Time is a resource like money. You cannot change it. A minute is a minute like a dollar is a dollar. In What is Time and The Time Management Myth you learned about the difference between time and how we experience time. You cannot manage time, but must manage actions instead.


The actions you take determine how you choose to spend the currency of time. Spending time without thought leads to spending time in ways that do not help or serve you. Many actions squander time. Some are like throwing pennies in a wishing well with a song and prayer, hoping your wish will come true. Others are a gift we give to others. And some are wasted, like money slipping through your fingers never to be retrieved.


Here are the major ways you cost yourself time:


1. Worrying – Worrying is thinking about a future outcome that you have no control over. It pretends to be necessary and you believe it is helpful to plan for every eventual outcome. But the truth is you cannot control the future, nor predict what will happen and therefore worrying does not serve you. It only serves to distract you from the present moment.


2. Buffering – Buffering refers to any action that is taken to avoid the actual work. This includes activities like distraction eating, social media, and binge-watching Netflix. These cost significant time when used in place of working towards your goals.

 
3. People pleasing – People pleasing occurs when you are more concerned about someone else’s reaction and how they feel about you than about the goals and priorities in your life. This wastes time because you spend it trying to control another person’s response, which is not possible.


4. Indecision – Indecision is a sneaky expense. It occurs when you endlessly weigh pros and cons or procrastinate. When sitting with indecision, you are choosing to avoid action. It can feel like action because you think about the decision to be made, but when you delay a decision in order to avoid making the wrong decision, you lose the opportunity to take action and to learn.


5. Confusion – Confusion is never a helpful expense. Confusion costs a lot of time currency because you spiral around and around convincing yourself that you do not know the answers and therefore cannot possibly take action. But every problem begins with missing information. Confusion rears up when you aren’t certain what to do next and, much like indecision, robs us of the ability to take action and move forward.


6. Judging – Similar to people pleasing, judging takes your time currency away from forward action. It focuses your attention externally on something outside of your control. It costs your time currency by distracting you and taking you away from solving the actual issue at hand.


7. Overwhelm – Overwhelm happens to us all, but it is an expensive, indulgent feeling. Stemming from thoughts that there is not enough time, overwhelm feels like a natural response. But it costs you time currency by taking your focus away from systematically working through your to-do list.


8. Regretting  – The past is the past.

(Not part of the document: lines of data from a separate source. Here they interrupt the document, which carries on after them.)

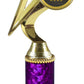 Star Award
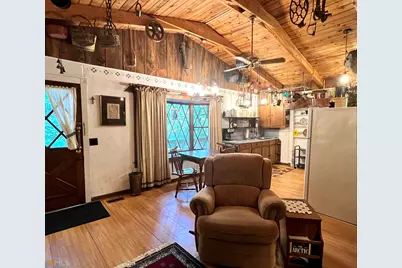 113 Ber Weg, Helen, GA 30545 - Photo 15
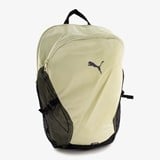 Puma Plus Pro rugzak beige 21 liter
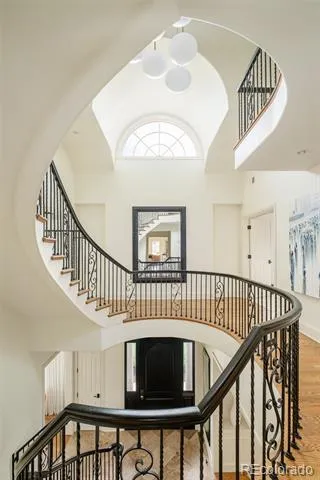 101 S Grape Street Denver, CO 80246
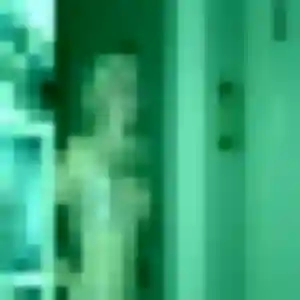 Photo sexy de Odile, 29 ans à Sainte-Luce - plan discret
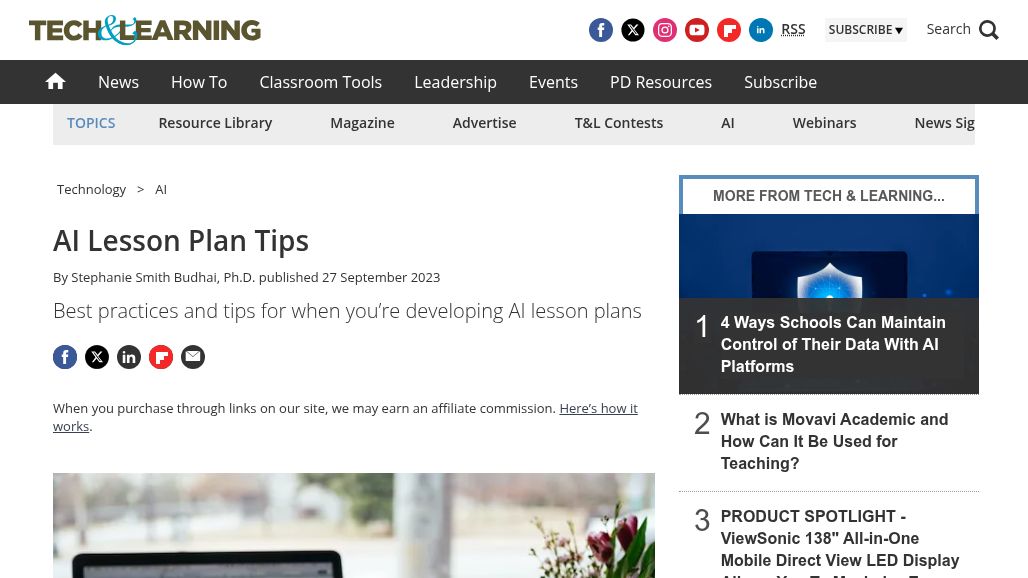 resource URL thumbnail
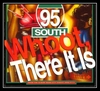 Whoot, There It Is Ringtone Download Free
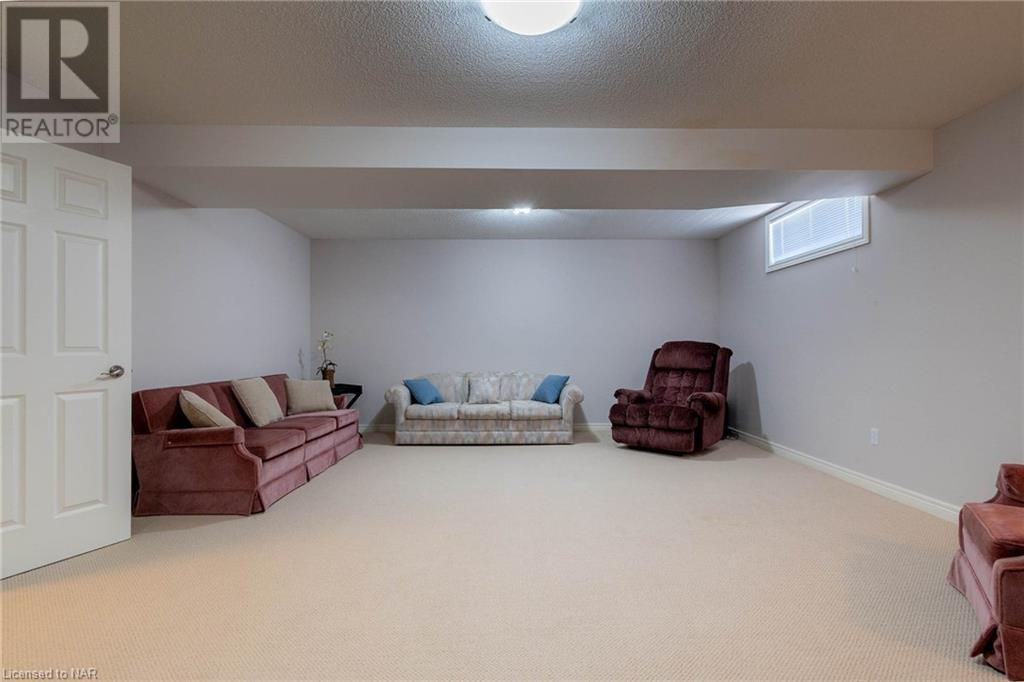 5200 Dorchester Road Unit# 18, Niagara Falls, Ontario  L2E 7M6 - Photo 27 - 40449102
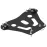 MONTAVIMO PADAS IRON BALTIC AODES Pathcross 525L
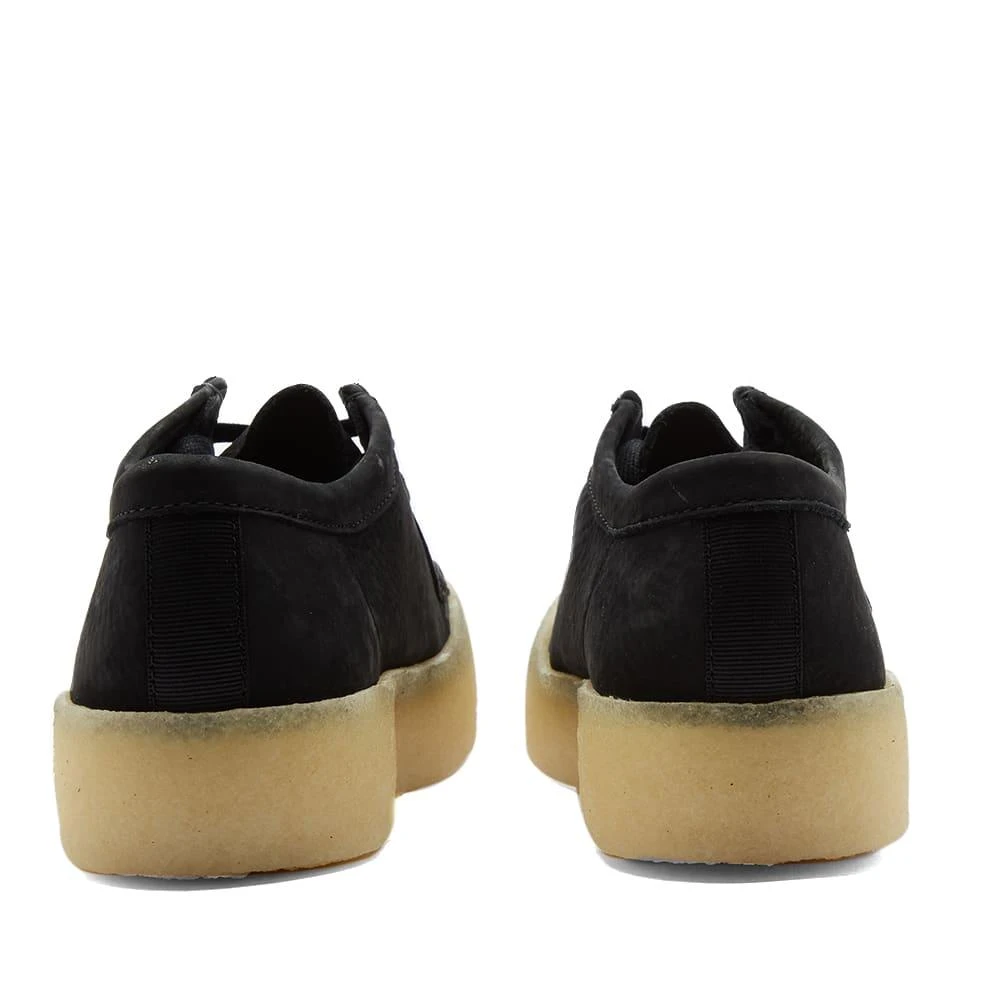 Clarks Clarks Originals Wallabee Cup 3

It happened exactly as it did, good or bad, and until a time machine exists, you cannot change it. Spending currency on regret steals it from the present, and the present is the only reality.


Thinking of time as currency allows you to budget time like you budget your paycheck. You get to choose what is of value to spend your time on. Choosing where you spend your time is a soft skill that will pay dividends to help you accomplish your goals.